# Data shown:
______

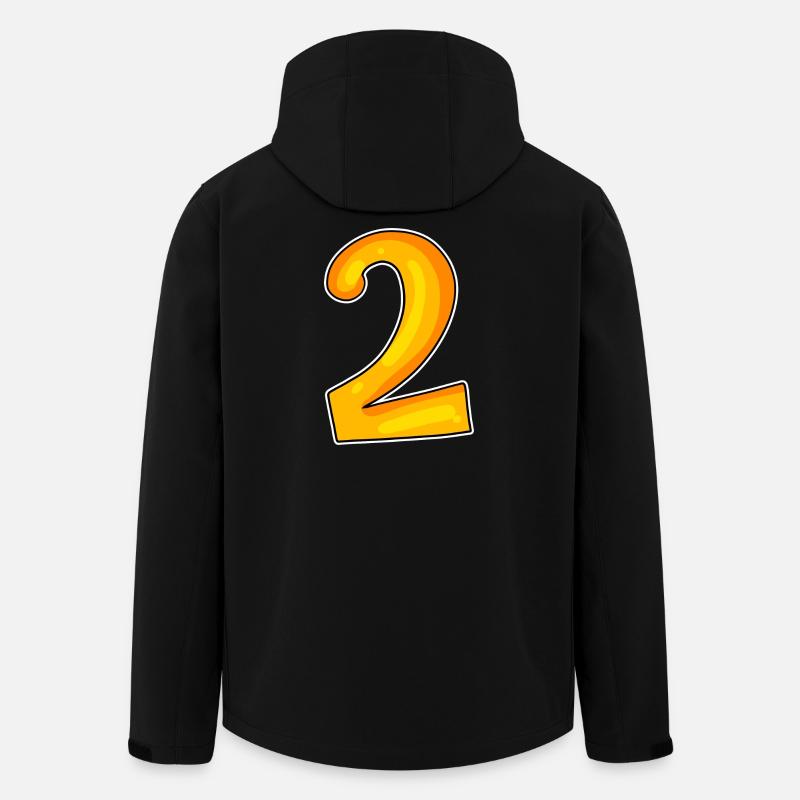 Deux - 2 - Nombre - Veste softshell homme en polyester recyclé Stanley/Stella - noir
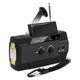thumbnail image 1 of Radio portátil AM/FM y NOAA para exteriores con energía solar y manivela, 1 of 8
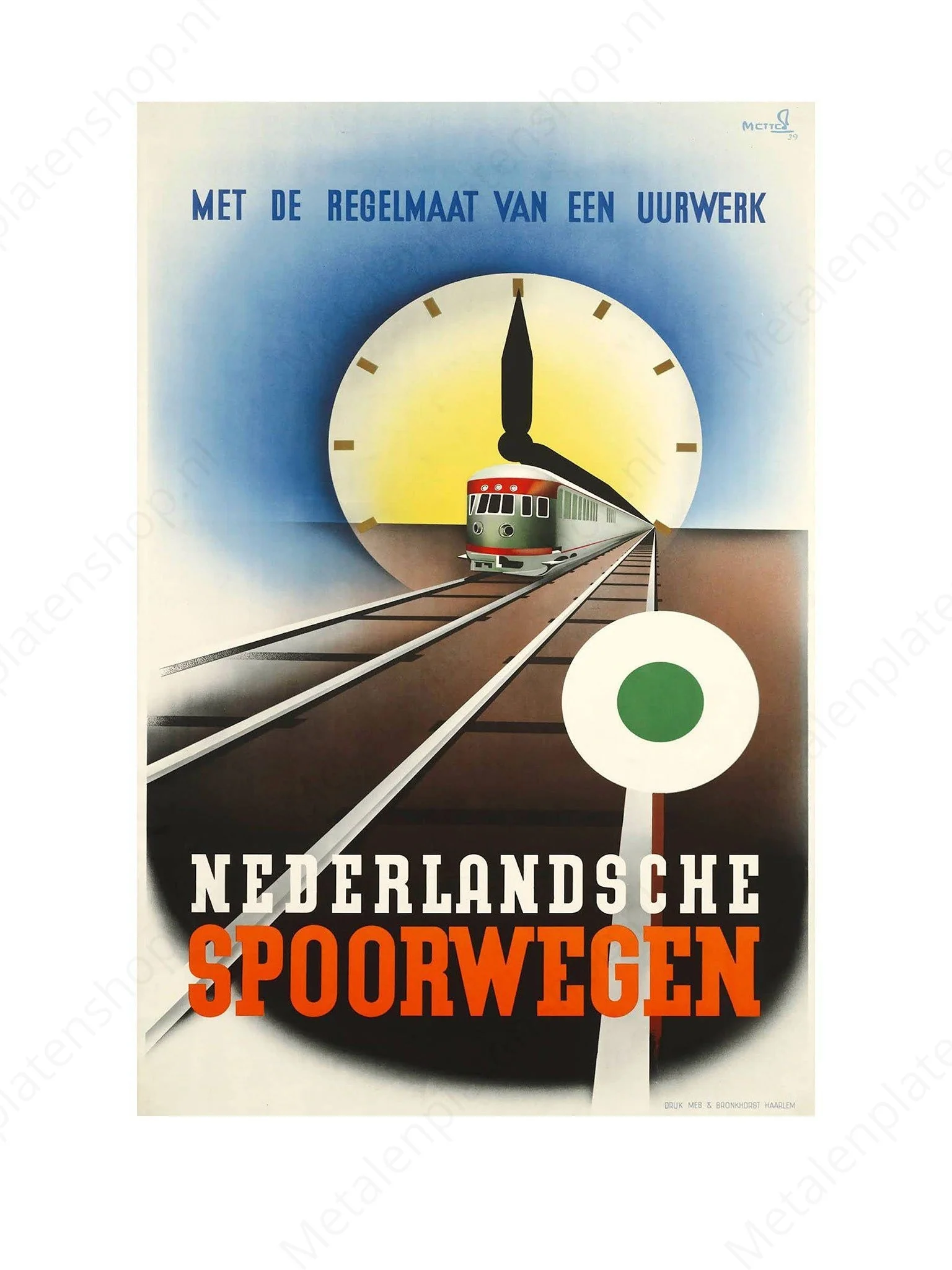 Met de regelmaat van een uurwerk - NS - Nostalgisch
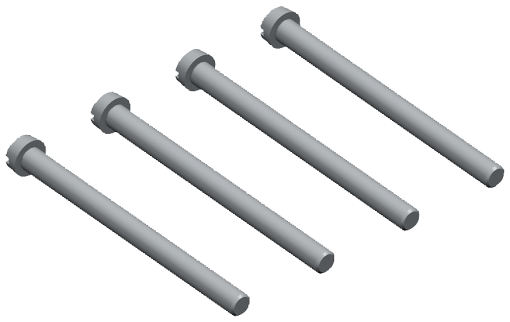 Accessory for VT1000, VT1600 set of fixing screws 4 units M8 x 60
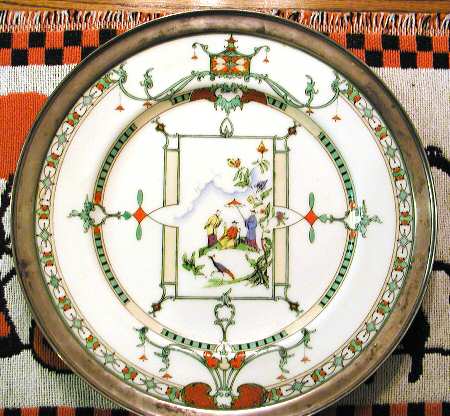 W9882-1 Sterling Rim Dinner Plate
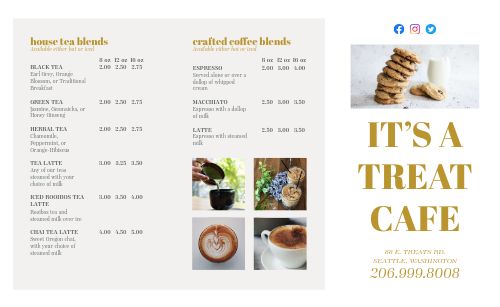 Cafe List Takeout Menu page 1 preview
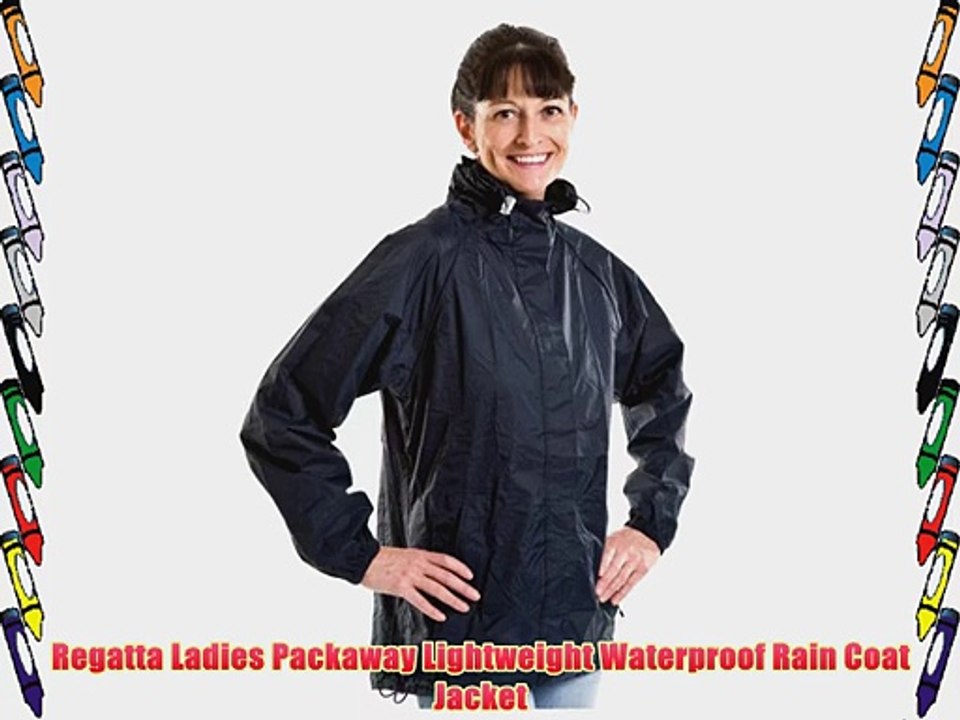 Regatta Ladies Packaway Lightweight Waterproof Rain Coat Jacket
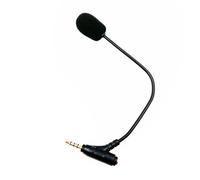 pumpumlia Micrófono de repuesto de 3,5 mm desmontable para auriculares montados en la cabeza, auriculares de juego, reemplazo de micrófono para auriculares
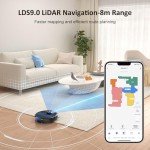 Lubluelu SL60D 2-in-1 Robot Vacuum and Mop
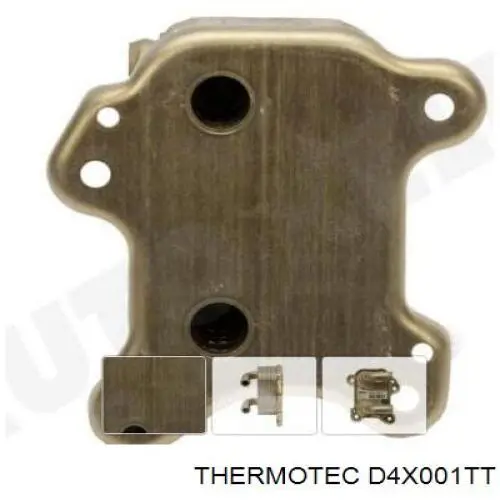 D4X001TT Thermotec radiador de aceite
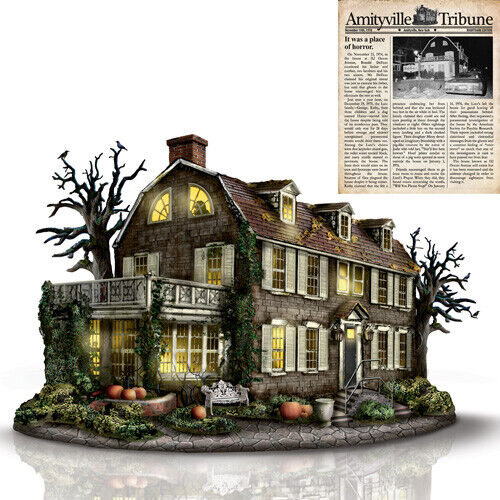 The Bradford Exchange Amityville House America's Most Haunted Village Collection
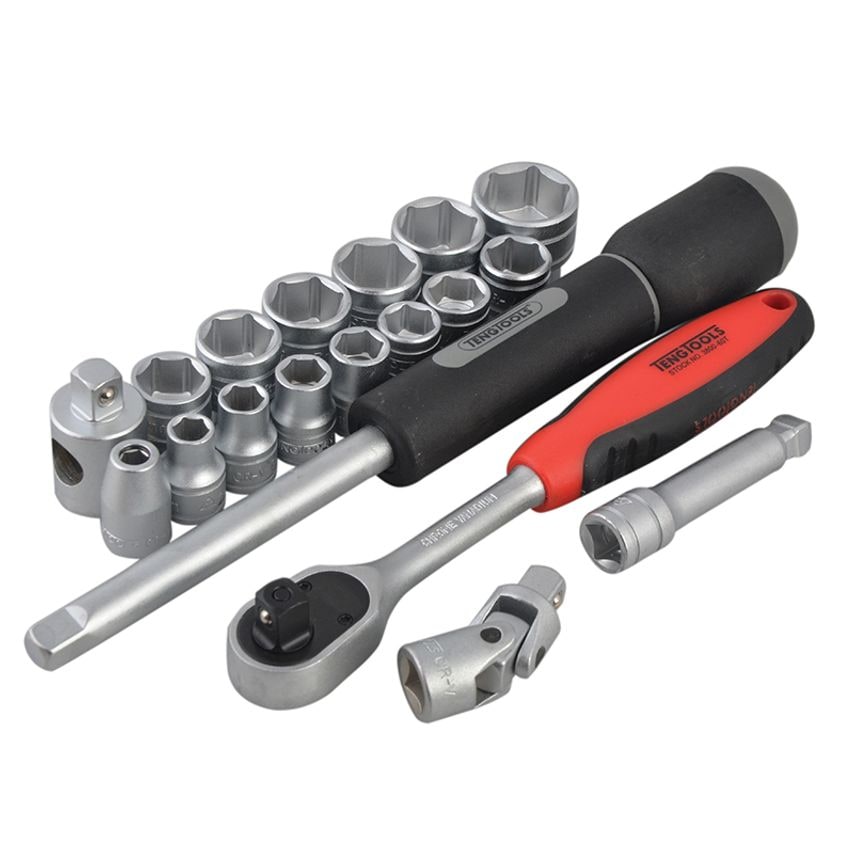 TT3819 Regular Metric Socket Set, 19 Piece - 3/8in Drive TENTT3819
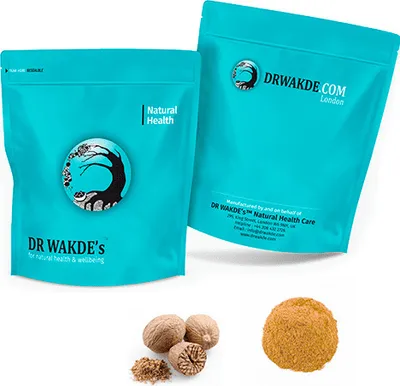 Produktbild von DR WAKDE'S Muskatnusspulver (Myristica fragrans) - 1 kg (2.2lb) | Rein, Raw & Getrocknetes Pulver | Ayurveda-Kräuter | Vegan | Nichts hinzugefügt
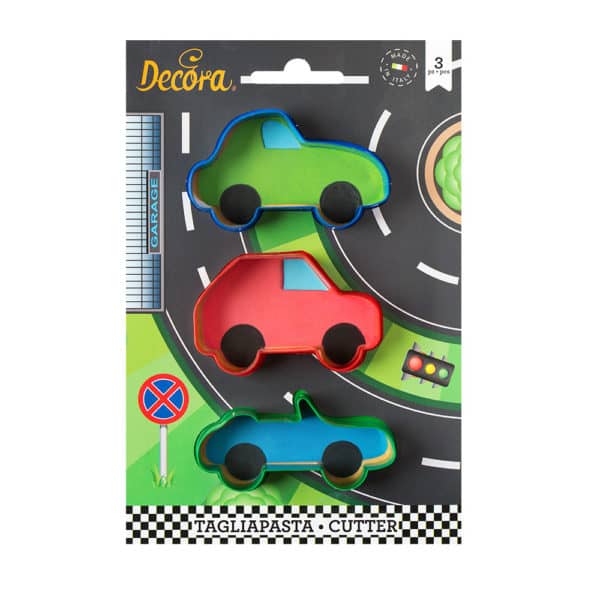 Set 3 decupatoare din plastic masina - Decora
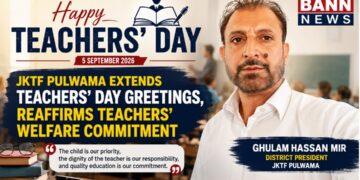JKTF Pulwama Extends Teachers’ Day Greetings, Reaffirms Teachers’ Welfare Commitment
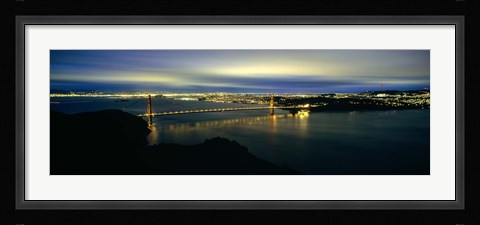 Framed Golden Gate Bridge, San Francisco Bay Print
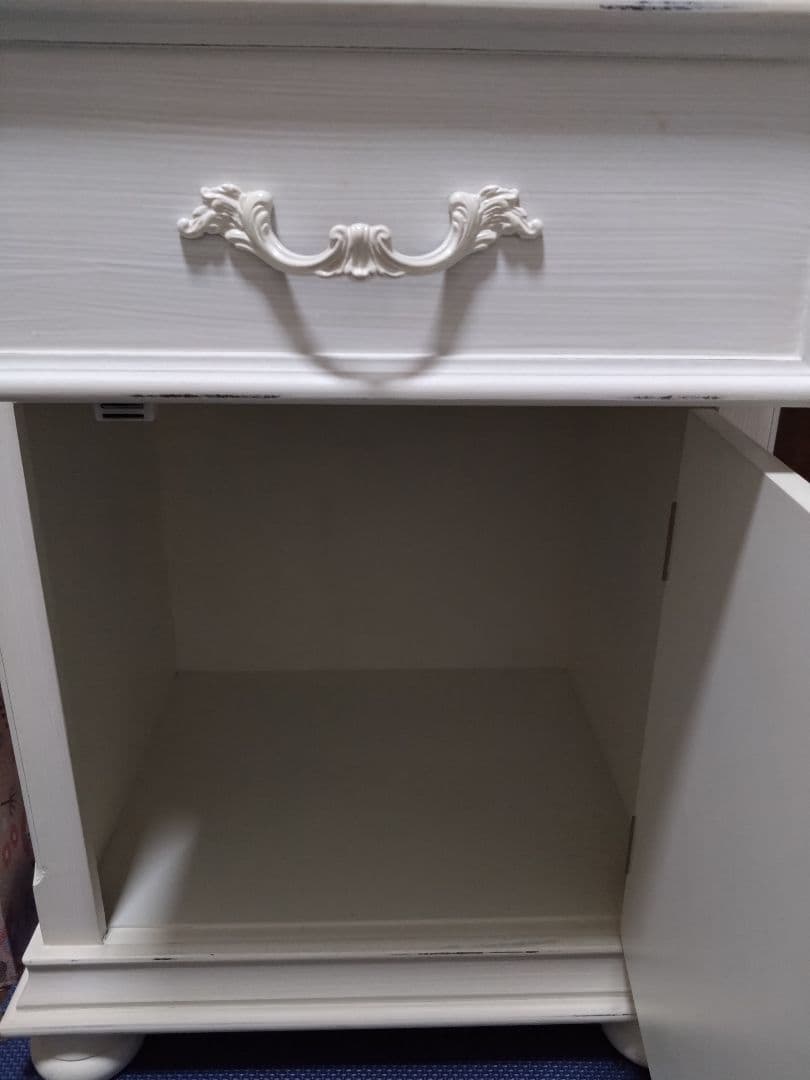 s*e様 クラシック ホワイト チェスト　ロココ調家具　franfran系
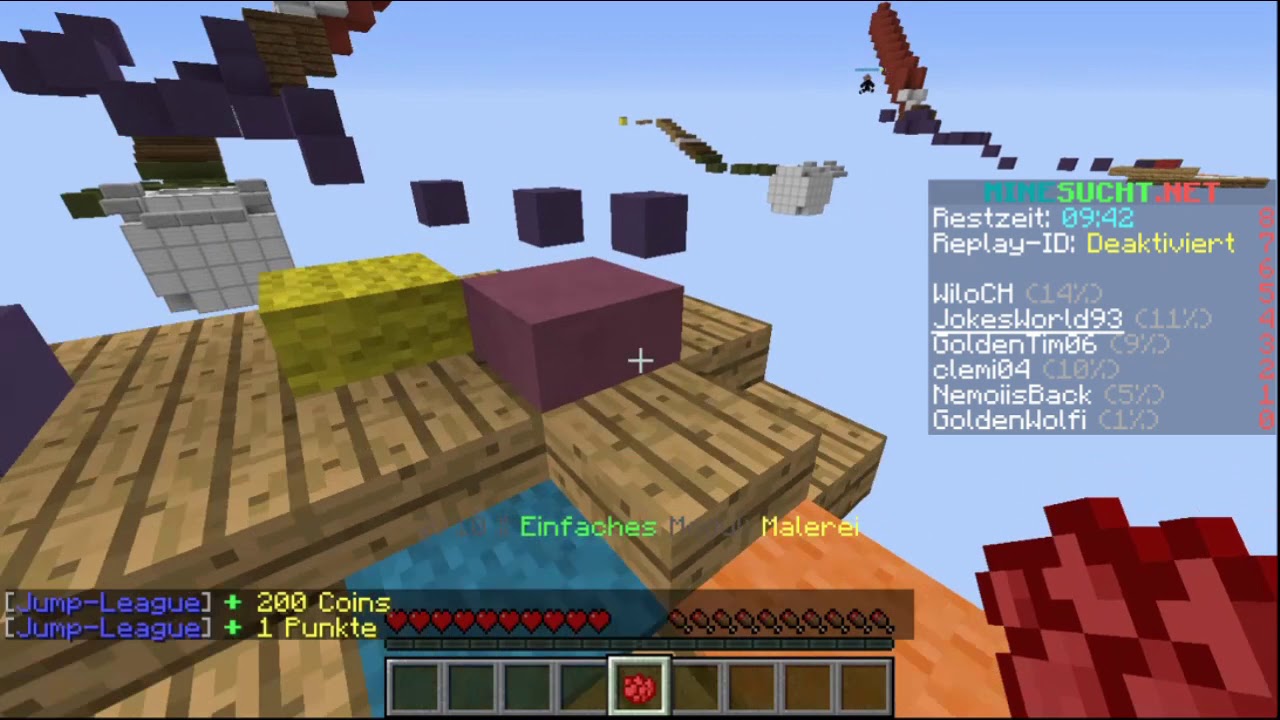 Minecraft Jump And Run Server 1.8 Deutsch Minecraft jump and run auf drei verschiedenen Servern - YouTube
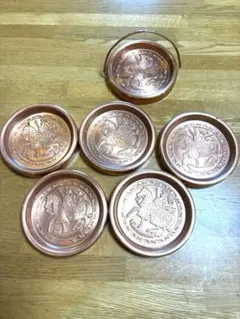 ROYAL SELANGOR PEWTERコースター6枚組！木製台座付き！美品！ - メルカリ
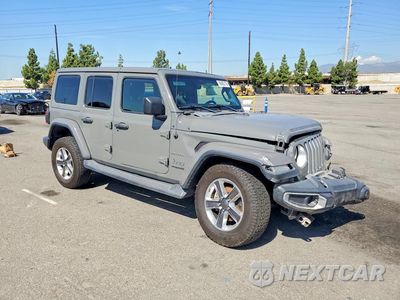 Czwarte zdjęcie samochodu z boku: 2019 JEEP WRANGLER UNLIMITED SAHARA VIN:1C4HJXEG9KW570948 - miniatura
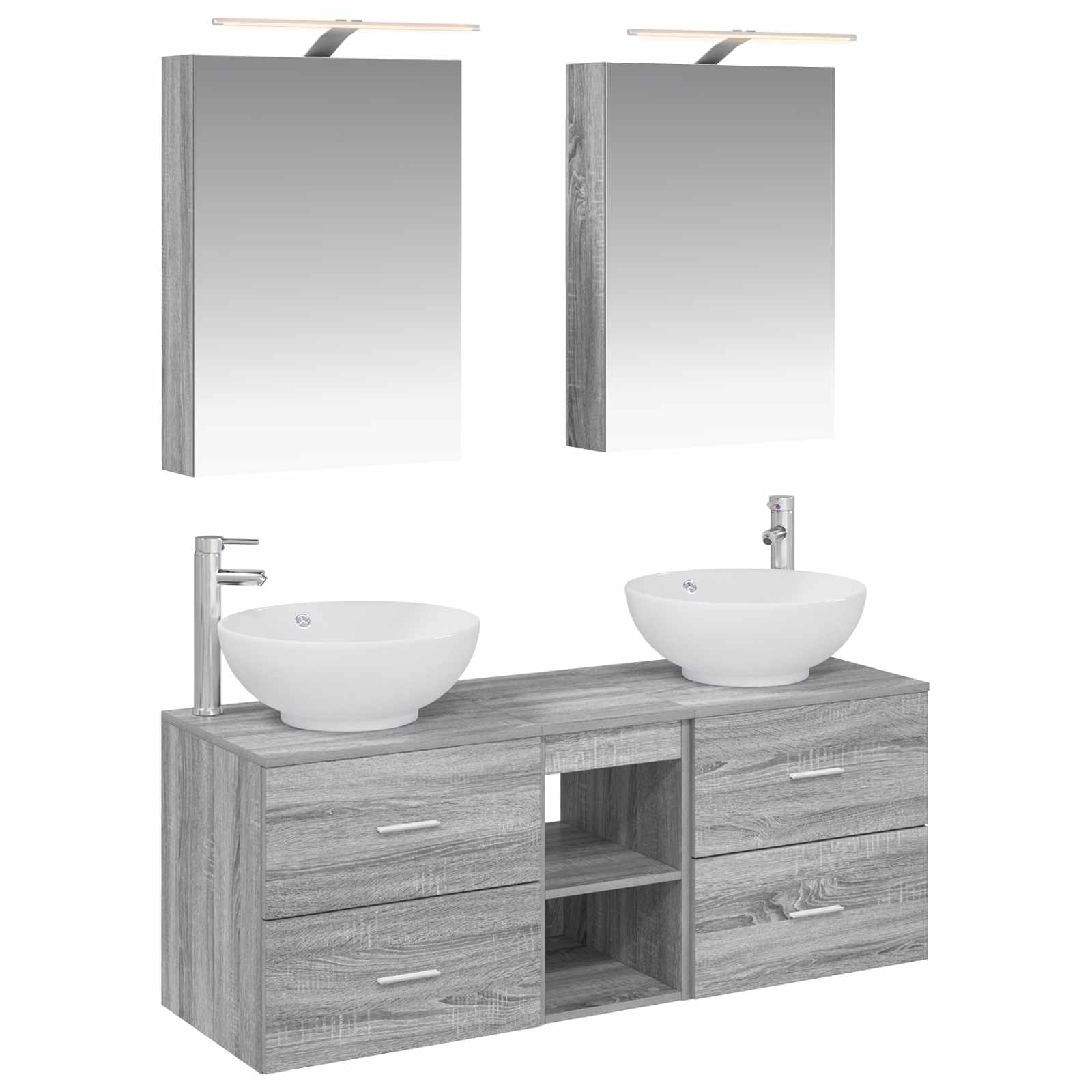 Set namještaja za kupaonicu 5 pcs Siva Sonoma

______

# Directions:
Do not include the images; transcribe the rest of the listing exactly.

# Final answer:
 Deux - 2 - Nombre - Veste softshell homme en polyester recyclé Stanley/Stella - noir
thumbnail image 1 of Radio portátil AM/FM y NOAA para exteriores con energía solar y manivela, 1 of 8
 Met de regelmaat van een uurwerk - NS - Nostalgisch
 Accessory for VT1000, VT1600 set of fixing screws 4 units M8 x 60
 W9882-1 Sterling Rim Dinner Plate
 Cafe List Takeout Menu page 1 preview
 Regatta Ladies Packaway Lightweight Waterproof Rain Coat Jacket
 pumpumlia Micrófono de repuesto de 3,5 mm desmontable para auriculares montados en la cabeza, auriculares de juego, reemplazo de micrófono para auriculares
 Lubluelu SL60D 2-in-1 Robot Vacuum and Mop
 D4X001TT Thermotec radiador de aceite
 The Bradford Exchange Amityville House America's Most Haunted Village Collection
 TT3819 Regular Metric Socket Set, 19 Piece - 3/8in Drive TENTT3819
 Produktbild von DR WAKDE'S Muskatnusspulver (Myristica fragrans) - 1 kg (2.2lb) | Rein, Raw & Getrocknetes Pulver | Ayurveda-Kräuter | Vegan | Nichts hinzugefügt
 Set 3 decupatoare din plastic masina - Decora
JKTF Pulwama Extends Teachers’ Day Greetings, Reaffirms Teachers’ Welfare Commitment
 Framed Golden Gate Bridge, San Francisco Bay Print
 s*e様 クラシック ホワイト チェスト　ロココ調家具　franfran系
 Minecraft Jump And Run Server 1.8 Deutsch Minecraft jump and run auf drei verschiedenen Servern - YouTube
 ROYAL SELANGOR PEWTERコースター6枚組！木製台座付き！美品！ - メルカリ
 Czwarte zdjęcie samochodu z boku: 2019 JEEP WRANGLER UNLIMITED SAHARA VIN:1C4HJXEG9KW570948 - miniatura
 Set namještaja za kupaonicu 5 pcs Siva Sonoma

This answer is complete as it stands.